>>>

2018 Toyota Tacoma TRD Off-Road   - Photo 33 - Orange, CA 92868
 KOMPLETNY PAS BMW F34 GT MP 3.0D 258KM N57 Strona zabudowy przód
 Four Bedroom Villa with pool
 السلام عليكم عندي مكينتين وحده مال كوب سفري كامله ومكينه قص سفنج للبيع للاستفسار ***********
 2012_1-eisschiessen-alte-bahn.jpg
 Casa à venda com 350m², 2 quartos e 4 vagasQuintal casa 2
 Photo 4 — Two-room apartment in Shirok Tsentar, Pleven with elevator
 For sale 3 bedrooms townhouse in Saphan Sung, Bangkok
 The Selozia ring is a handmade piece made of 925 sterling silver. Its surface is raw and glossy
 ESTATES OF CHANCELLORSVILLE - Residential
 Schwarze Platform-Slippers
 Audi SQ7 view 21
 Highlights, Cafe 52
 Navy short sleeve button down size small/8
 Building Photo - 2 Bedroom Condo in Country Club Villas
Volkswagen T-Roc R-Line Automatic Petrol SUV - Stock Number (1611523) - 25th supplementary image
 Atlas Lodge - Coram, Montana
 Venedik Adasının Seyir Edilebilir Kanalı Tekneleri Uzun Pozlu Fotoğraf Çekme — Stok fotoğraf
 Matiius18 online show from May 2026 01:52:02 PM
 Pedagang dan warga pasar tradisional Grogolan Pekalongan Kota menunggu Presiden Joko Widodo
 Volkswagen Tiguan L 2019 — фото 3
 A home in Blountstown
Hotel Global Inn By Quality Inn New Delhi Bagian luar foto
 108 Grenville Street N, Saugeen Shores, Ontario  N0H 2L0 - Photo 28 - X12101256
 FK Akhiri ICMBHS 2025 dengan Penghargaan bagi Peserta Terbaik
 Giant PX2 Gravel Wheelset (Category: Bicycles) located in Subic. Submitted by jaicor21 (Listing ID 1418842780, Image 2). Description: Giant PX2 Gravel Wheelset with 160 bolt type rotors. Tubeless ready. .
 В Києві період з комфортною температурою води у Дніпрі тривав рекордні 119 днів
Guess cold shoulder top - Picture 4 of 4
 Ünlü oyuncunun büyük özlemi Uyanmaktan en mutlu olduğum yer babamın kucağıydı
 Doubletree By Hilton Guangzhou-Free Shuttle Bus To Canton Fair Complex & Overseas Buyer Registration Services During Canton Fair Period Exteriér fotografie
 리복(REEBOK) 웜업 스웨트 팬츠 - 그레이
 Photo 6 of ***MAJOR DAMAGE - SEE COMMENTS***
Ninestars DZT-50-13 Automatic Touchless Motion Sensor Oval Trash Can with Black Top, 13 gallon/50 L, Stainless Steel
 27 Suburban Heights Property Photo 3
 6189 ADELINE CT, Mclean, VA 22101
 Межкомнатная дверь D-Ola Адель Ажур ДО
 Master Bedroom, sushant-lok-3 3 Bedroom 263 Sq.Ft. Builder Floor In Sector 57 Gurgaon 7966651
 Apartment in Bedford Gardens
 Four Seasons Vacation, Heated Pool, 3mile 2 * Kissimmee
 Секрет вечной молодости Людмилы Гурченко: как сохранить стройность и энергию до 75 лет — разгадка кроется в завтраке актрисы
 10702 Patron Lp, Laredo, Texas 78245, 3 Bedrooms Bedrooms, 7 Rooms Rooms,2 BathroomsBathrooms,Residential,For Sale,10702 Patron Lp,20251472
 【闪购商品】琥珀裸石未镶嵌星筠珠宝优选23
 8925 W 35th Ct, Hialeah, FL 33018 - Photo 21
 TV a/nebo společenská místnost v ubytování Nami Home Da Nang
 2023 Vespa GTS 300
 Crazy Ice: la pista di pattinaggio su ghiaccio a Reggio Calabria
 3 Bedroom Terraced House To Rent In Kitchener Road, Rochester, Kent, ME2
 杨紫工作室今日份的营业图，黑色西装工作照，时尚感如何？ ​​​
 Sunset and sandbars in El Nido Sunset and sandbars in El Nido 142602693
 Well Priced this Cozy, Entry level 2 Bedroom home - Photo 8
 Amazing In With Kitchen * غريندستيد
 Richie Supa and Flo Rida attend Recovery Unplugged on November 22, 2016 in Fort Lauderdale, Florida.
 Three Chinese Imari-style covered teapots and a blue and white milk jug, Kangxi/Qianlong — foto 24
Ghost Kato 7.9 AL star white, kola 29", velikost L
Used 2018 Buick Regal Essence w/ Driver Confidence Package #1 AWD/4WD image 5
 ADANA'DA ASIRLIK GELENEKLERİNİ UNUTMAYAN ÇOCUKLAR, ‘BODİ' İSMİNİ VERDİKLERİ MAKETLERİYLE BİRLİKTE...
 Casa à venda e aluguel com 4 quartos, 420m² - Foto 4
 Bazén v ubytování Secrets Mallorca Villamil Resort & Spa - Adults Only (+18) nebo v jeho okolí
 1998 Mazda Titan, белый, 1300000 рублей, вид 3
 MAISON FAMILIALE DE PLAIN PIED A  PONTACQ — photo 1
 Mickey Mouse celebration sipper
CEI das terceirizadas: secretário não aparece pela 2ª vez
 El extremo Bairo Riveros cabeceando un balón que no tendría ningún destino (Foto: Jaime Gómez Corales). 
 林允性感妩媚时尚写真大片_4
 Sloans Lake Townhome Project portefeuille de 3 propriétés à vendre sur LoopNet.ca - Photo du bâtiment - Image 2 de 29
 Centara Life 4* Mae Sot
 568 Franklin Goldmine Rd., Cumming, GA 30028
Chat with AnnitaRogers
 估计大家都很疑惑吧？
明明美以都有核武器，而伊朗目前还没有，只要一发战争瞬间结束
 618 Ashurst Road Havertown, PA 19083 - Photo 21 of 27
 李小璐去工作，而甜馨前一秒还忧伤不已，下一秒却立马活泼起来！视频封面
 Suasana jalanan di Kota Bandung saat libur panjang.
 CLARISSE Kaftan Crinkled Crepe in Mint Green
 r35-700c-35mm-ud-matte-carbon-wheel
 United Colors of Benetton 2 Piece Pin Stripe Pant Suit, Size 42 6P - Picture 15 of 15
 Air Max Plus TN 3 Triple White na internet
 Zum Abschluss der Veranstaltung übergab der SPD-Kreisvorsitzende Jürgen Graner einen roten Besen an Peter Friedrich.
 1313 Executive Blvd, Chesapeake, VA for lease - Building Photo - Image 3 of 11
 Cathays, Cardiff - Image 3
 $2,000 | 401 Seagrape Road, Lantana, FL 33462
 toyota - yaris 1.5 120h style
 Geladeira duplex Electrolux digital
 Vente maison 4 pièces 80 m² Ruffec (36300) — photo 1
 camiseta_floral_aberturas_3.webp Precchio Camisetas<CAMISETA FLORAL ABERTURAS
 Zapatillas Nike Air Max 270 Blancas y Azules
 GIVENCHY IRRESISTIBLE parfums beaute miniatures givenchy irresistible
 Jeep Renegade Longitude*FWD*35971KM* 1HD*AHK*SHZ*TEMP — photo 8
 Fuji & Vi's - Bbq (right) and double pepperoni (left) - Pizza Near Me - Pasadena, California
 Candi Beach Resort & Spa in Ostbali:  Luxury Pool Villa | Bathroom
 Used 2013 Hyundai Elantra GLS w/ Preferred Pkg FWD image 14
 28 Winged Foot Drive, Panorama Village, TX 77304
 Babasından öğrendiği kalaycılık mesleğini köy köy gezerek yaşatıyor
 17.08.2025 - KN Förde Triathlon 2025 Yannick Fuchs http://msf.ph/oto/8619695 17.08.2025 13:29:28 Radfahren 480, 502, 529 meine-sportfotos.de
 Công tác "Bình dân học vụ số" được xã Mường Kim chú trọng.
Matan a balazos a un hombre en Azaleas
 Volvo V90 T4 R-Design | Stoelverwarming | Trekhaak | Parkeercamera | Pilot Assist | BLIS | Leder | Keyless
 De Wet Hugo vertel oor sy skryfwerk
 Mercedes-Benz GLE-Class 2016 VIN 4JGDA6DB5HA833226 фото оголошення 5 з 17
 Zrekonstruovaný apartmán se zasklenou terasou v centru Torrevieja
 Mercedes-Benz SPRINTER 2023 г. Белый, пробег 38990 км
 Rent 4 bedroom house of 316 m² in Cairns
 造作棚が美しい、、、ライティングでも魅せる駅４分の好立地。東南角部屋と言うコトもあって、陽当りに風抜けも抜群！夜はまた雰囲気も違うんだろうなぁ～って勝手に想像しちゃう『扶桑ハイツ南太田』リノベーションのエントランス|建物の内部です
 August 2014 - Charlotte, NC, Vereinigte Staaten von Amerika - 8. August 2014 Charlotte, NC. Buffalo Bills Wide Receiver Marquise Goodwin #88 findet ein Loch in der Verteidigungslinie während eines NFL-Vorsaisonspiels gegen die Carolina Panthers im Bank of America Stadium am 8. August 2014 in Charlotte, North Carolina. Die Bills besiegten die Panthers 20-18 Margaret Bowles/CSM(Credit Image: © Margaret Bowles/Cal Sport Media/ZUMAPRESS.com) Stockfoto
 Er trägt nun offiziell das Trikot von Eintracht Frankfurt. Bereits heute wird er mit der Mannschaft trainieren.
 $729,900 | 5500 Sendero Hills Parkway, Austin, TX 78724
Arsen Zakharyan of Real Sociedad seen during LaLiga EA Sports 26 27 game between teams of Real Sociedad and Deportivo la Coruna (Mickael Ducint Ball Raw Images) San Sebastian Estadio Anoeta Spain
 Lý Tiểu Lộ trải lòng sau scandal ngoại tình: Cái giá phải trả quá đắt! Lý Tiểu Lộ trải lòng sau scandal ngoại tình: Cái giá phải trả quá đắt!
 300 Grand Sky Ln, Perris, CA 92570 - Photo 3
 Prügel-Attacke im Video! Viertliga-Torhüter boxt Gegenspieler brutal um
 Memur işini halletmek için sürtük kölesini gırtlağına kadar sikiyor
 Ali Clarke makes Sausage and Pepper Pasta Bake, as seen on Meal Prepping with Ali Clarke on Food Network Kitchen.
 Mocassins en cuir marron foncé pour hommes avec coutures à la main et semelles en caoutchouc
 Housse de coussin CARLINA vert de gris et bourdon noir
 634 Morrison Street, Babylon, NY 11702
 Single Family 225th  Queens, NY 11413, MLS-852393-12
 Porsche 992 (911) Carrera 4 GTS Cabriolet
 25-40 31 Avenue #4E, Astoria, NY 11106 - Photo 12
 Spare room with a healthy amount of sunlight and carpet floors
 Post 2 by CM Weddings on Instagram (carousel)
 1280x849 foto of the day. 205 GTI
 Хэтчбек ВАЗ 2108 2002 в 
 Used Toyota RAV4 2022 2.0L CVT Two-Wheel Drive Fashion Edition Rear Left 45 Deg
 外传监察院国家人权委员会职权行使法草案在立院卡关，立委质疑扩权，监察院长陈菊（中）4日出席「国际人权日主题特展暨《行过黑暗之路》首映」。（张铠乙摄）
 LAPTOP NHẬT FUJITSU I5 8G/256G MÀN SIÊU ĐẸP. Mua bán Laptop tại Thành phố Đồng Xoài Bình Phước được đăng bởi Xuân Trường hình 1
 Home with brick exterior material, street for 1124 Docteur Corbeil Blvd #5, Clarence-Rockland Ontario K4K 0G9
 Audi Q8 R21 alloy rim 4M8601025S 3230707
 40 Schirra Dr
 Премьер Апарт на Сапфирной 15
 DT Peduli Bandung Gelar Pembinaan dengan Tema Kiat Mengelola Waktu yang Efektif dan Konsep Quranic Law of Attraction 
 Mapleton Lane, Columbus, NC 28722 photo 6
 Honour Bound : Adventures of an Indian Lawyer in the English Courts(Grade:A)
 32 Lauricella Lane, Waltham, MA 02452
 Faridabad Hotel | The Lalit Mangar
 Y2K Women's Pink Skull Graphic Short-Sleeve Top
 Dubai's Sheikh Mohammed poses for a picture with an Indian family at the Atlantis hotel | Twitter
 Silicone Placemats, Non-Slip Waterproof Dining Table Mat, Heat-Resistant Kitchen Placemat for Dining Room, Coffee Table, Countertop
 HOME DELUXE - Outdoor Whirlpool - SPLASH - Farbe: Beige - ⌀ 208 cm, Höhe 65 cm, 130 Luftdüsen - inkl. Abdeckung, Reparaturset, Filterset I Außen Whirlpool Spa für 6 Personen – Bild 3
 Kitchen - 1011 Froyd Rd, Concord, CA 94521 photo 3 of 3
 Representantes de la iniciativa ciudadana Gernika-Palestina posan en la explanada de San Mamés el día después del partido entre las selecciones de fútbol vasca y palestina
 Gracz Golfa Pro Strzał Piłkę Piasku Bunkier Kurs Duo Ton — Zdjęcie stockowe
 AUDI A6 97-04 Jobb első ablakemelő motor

<<<

▶ [Assignment]: From the data above, output only the lines between the line containing "Four Seasons Vacation, Heated" and the line containing "Mickey Mouse celebration sipper", inclusive, exactly as written.

▶ [Result for this exercise]:
 Four Seasons Vacation, Heated Pool, 3mile 2 * Kissimmee
 Секрет вечной молодости Людмилы Гурченко: как сохранить стройность и энергию до 75 лет — разгадка кроется в завтраке актрисы
 10702 Patron Lp, Laredo, Texas 78245, 3 Bedrooms Bedrooms, 7 Rooms Rooms,2 BathroomsBathrooms,Residential,For Sale,10702 Patron Lp,20251472
 【闪购商品】琥珀裸石未镶嵌星筠珠宝优选23
 8925 W 35th Ct, Hialeah, FL 33018 - Photo 21
 TV a/nebo společenská místnost v ubytování Nami Home Da Nang
 2023 Vespa GTS 300
 Crazy Ice: la pista di pattinaggio su ghiaccio a Reggio Calabria
 3 Bedroom Terraced House To Rent In Kitchener Road, Rochester, Kent, ME2
 杨紫工作室今日份的营业图，黑色西装工作照，时尚感如何？ ​​​
 Sunset and sandbars in El Nido Sunset and sandbars in El Nido 142602693
 Well Priced this Cozy, Entry level 2 Bedroom home - Photo 8
 Amazing In With Kitchen * غريندستيد
 Richie Supa and Flo Rida attend Recovery Unplugged on November 22, 2016 in Fort Lauderdale, Florida.
 Three Chinese Imari-style covered teapots and a blue and white milk jug, Kangxi/Qianlong — foto 24
Ghost Kato 7.9 AL star white, kola 29", velikost L
Used 2018 Buick Regal Essence w/ Driver Confidence Package #1 AWD/4WD image 5
 ADANA'DA ASIRLIK GELENEKLERİNİ UNUTMAYAN ÇOCUKLAR, ‘BODİ' İSMİNİ VERDİKLERİ MAKETLERİYLE BİRLİKTE...
 Casa à venda e aluguel com 4 quartos, 420m² - Foto 4
 Bazén v ubytování Secrets Mallorca Villamil Resort & Spa - Adults Only (+18) nebo v jeho okolí
 1998 Mazda Titan, белый, 1300000 рублей, вид 3
 MAISON FAMILIALE DE PLAIN PIED A  PONTACQ — photo 1
 Mickey Mouse celebration sipper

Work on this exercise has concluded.